I've checked the callsites and they all already clamp size when
calling fault_in_pages_* to the same as for the subsequent
__copy_to|from_user and hence don't rely on the implicit clamping
to PAGE_SIZE.

Also kill a copy&pasted spurious space in both functions while at it.

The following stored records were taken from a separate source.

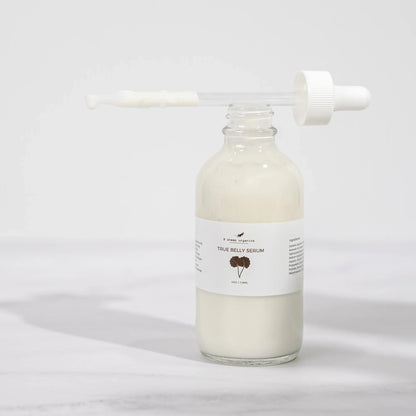 Glass bottle of True Belly Serum with dropper, creamy texture, minimalist background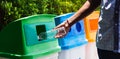 Black hand throwing an empty plastic water bottle in the recycling garbage trash Royalty Free Stock Photo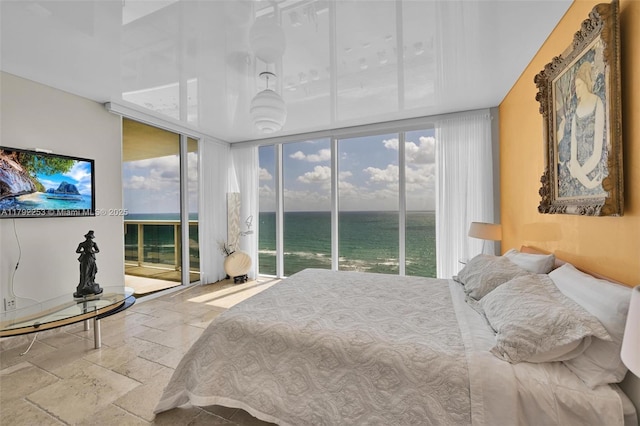 1830 S Ocean Dr Unit 1201, Hallandale Beach, FL 33009 - bedroom with stone tile floors, a water view, and access to exterior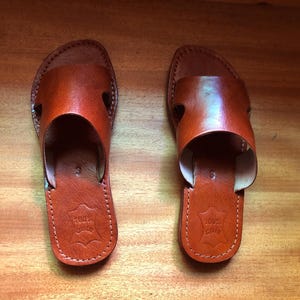 Puede incluir: Un par de sandalias de cuero marrón. Las sandalias tienen un diseño sencillo con una correa en la parte superior y una suela cosida. El cuero es de un color marrón rojizo cálido. Las sandalias se exhiben sobre una superficie de madera.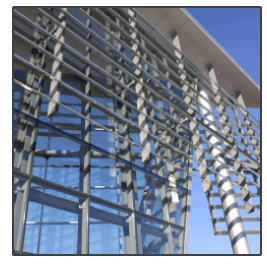 A building with a lot of windows and a blue sky in the background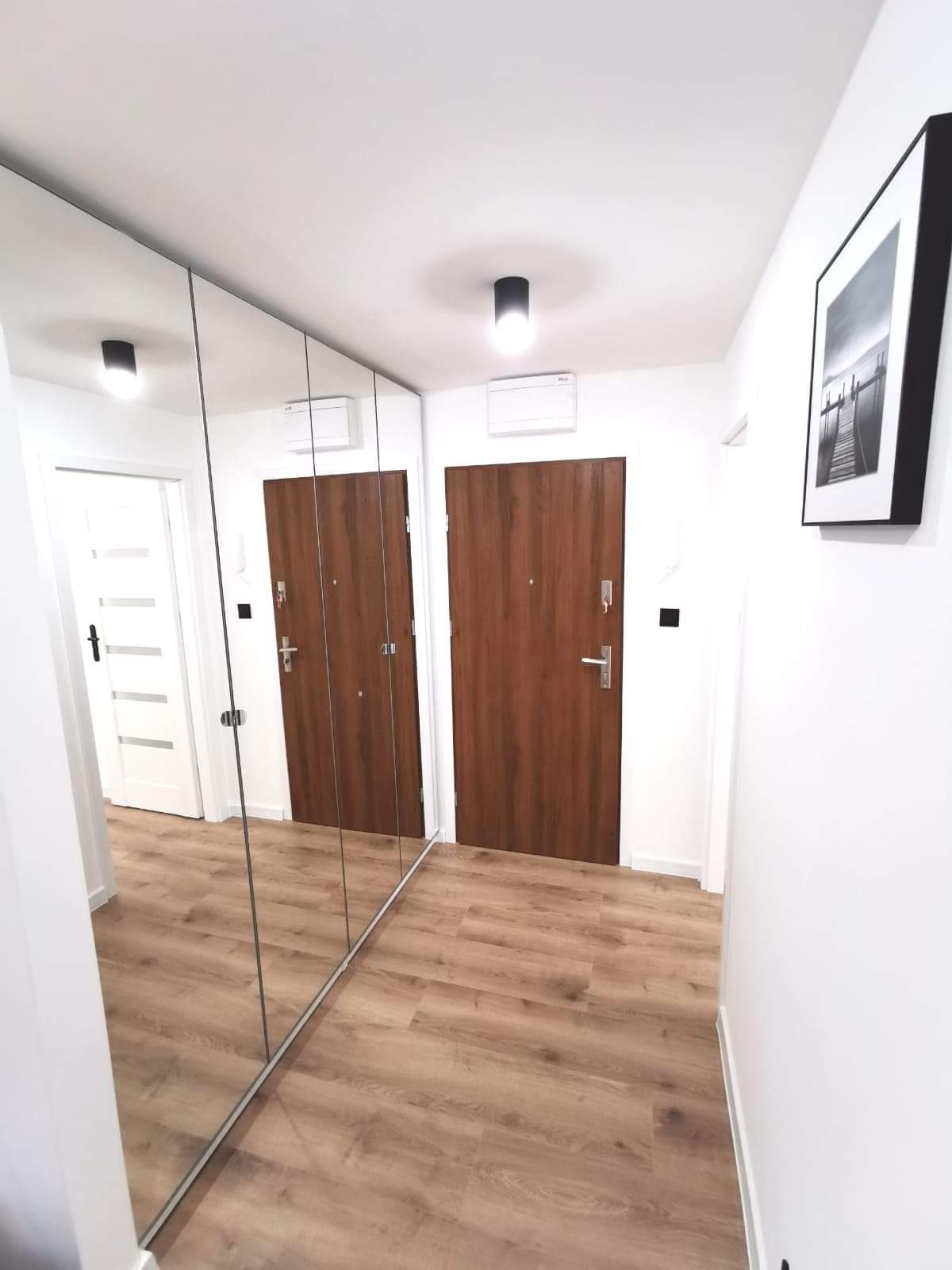 Wnętrze korytarza we Wrocławiu z drewnianą podłogą, lustrem na ścianie i dwojgiem drzwi. Minimalistyczny design z czarnymi akcentami i obrazem na ścianie.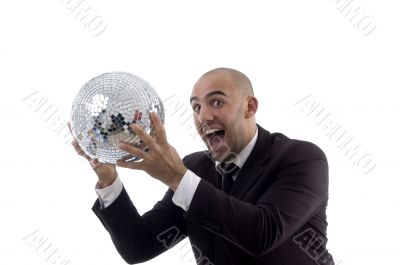 young accountant holding disco ball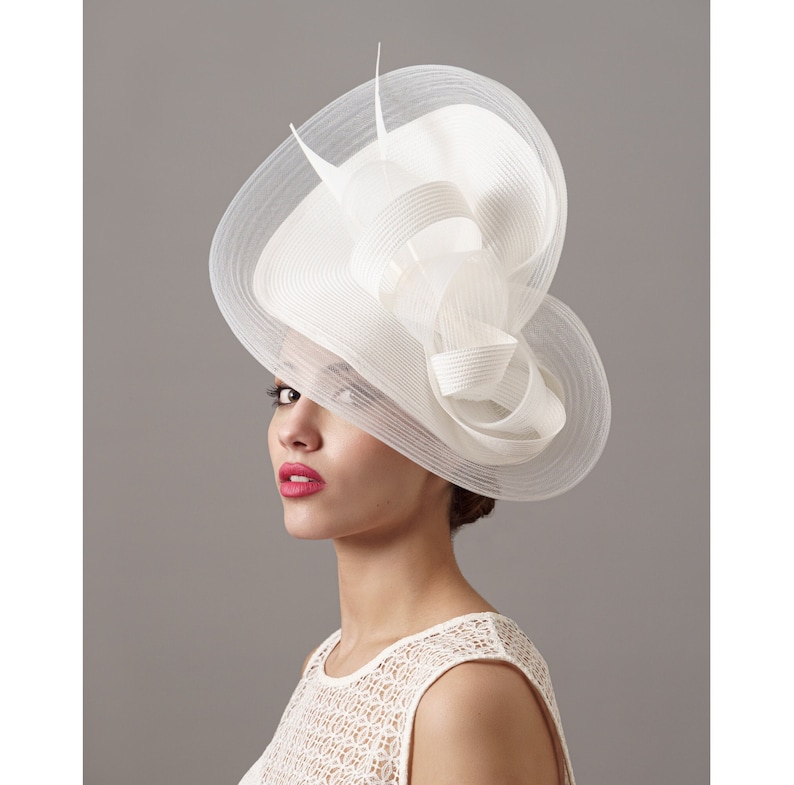Bride with her white wedding fascinator hat with veil -  Mujer con un sombrero de boda blancon con velo perfecto para novias mas modernas o invitadas que quieran complementar su look de boda -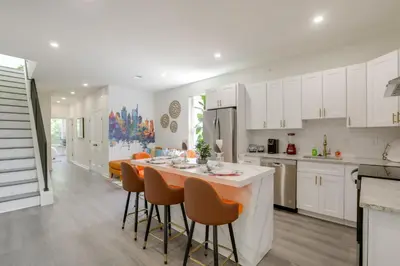 a kitchen with white cabinets and a table and chairs at Penthouse Condo with Rooftop Deck in Philadelphia! in Philadelphia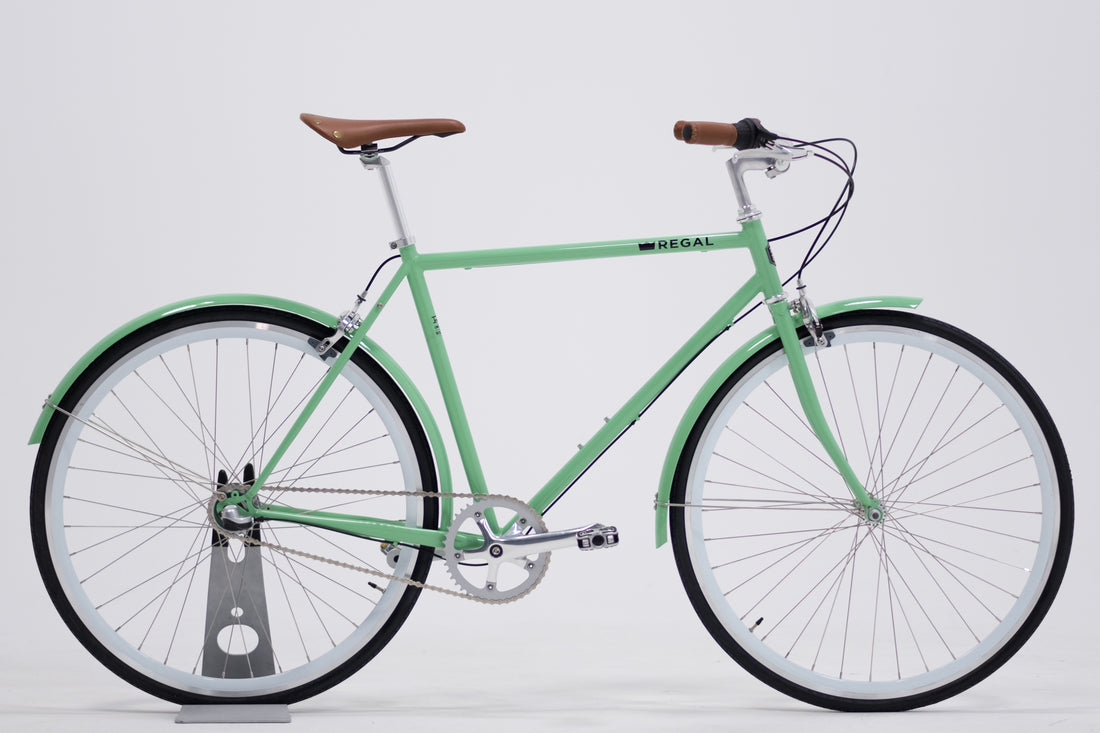 City Bike by Regal Bicycles with a Mint Green Frame and White Wall Rims, featuring a Shimano Nexus 3 Speed Internal Gear Hub built for commuting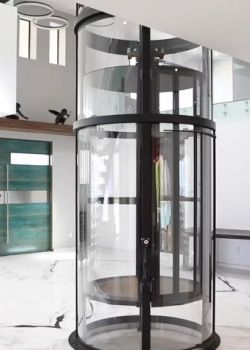 Vuelift Round Home Elevator Descends To Luxury Foyer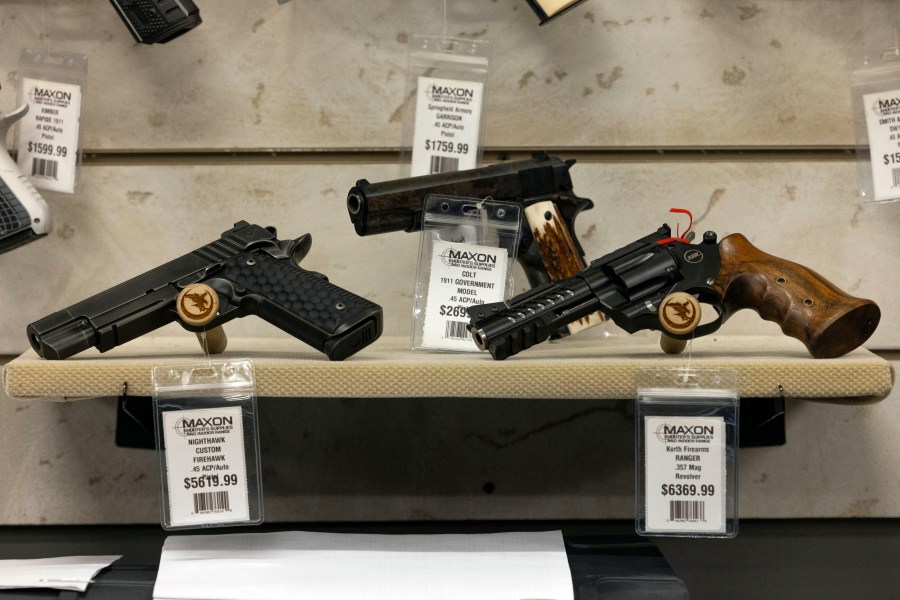 Guns for sale are displayed at Maxon Shooter's Supplies in Des Plaines, Ill.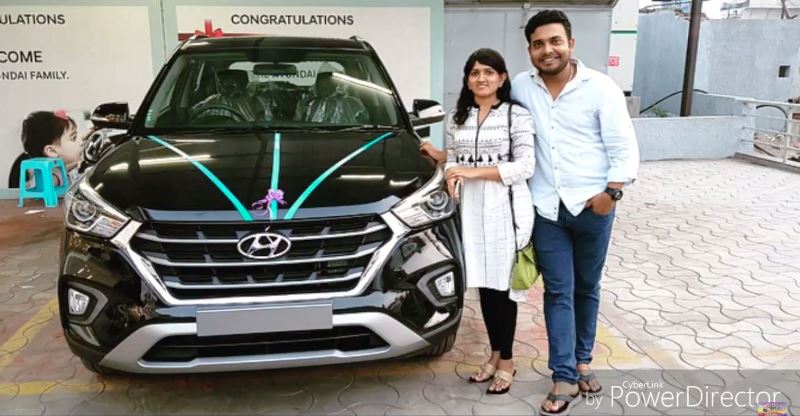 Getup Srinu and his wife, Sujatha, posing with their Hyundai Creta in 2018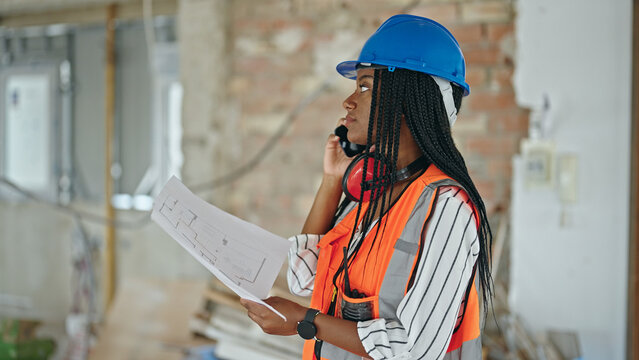 African american woman builder reading house project talking by smartphone at construction site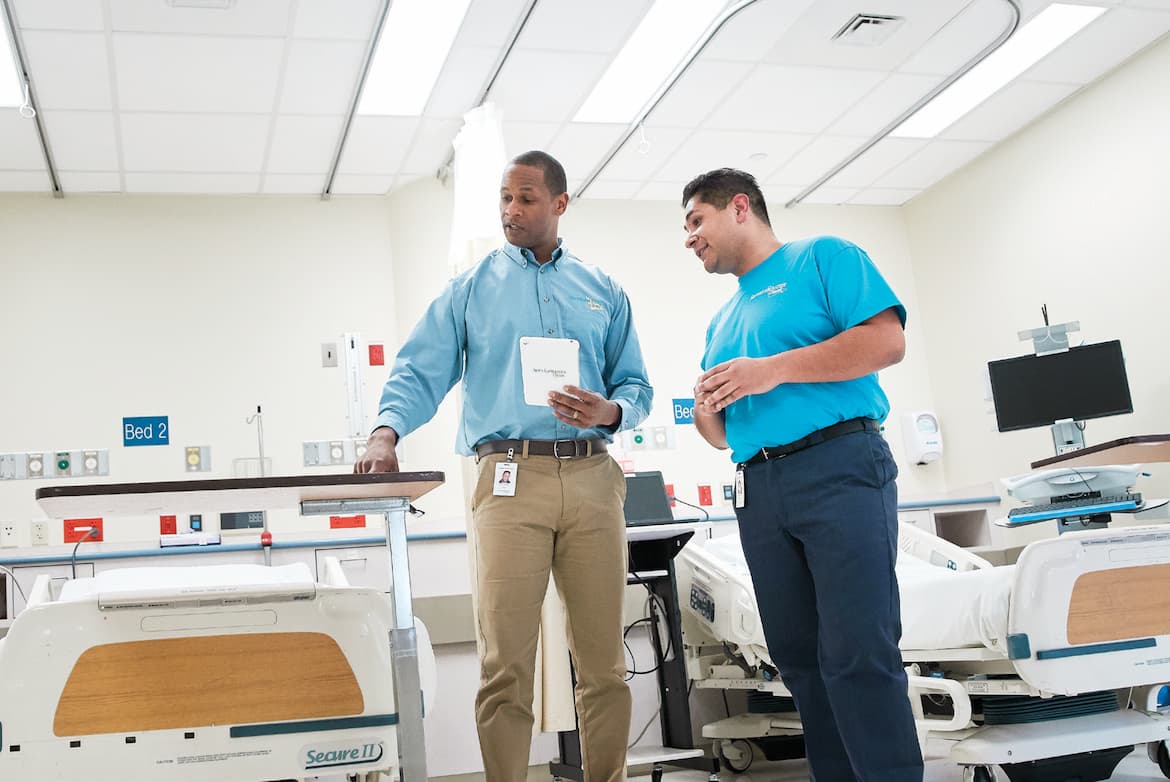 Healthcare Cleaning & Environmental Service provider explaining the hospital staff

v2: As suggested by Andrew Morton, add a multipage parameter to both
functions to avoid the additional branch for the pagemap.c hotpath.
My gcc 4.6 here seems to dtrt and indeed reap these branches where not
needed.

Cc: [email protected]
Signed-off-by: Daniel Vetter <[email protected]>
---
drivers/gpu/drm/i915/i915_gem.c | 4 +-
drivers/gpu/drm/i915/i915_gem_execbuffer.c | 2 +-
fs/pipe.c | 4 +-
fs/splice.c | 2 +-
include/linux/pagemap.h | 39 ++++++++++++++++++---------
mm/filemap.c | 4 +-
6 files changed, 34 insertions(+), 21 deletions(-)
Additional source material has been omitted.